* [Task description] Only one stretch of the data below is wanted: the lines starting at the one with "Girls T Shirts" and ending at the one with "24 Inch Square", both included, given again exactly.

* [Input records]

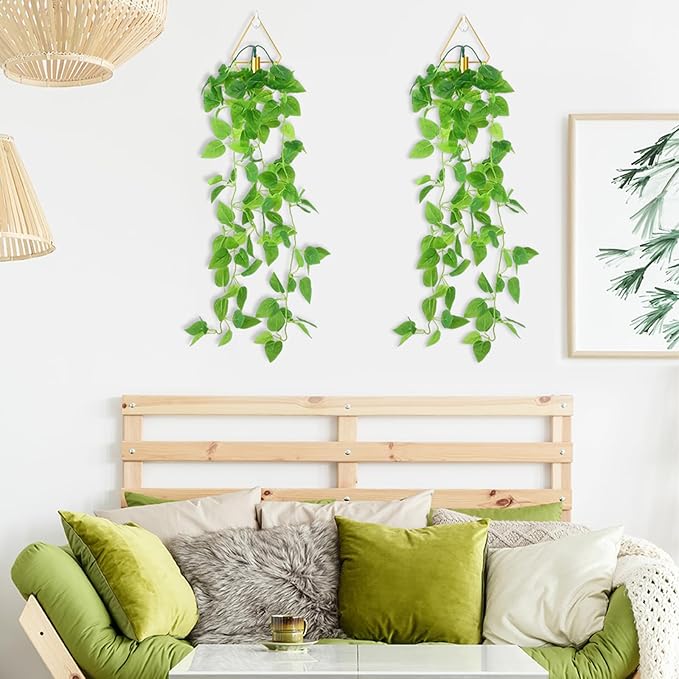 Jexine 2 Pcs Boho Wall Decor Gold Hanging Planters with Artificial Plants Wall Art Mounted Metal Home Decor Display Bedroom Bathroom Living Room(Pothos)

---

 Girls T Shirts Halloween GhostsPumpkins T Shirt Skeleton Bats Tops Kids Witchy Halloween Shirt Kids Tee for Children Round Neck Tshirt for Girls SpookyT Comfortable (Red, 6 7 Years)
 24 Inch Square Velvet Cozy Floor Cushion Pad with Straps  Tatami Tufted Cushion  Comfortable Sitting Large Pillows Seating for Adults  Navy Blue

* [Task output]
 Girls T Shirts Halloween GhostsPumpkins T Shirt Skeleton Bats Tops Kids Witchy Halloween Shirt Kids Tee for Children Round Neck Tshirt for Girls SpookyT Comfortable (Red, 6 7 Years)
 24 Inch Square Velvet Cozy Floor Cushion Pad with Straps  Tatami Tufted Cushion  Comfortable Sitting Large Pillows Seating for Adults  Navy Blue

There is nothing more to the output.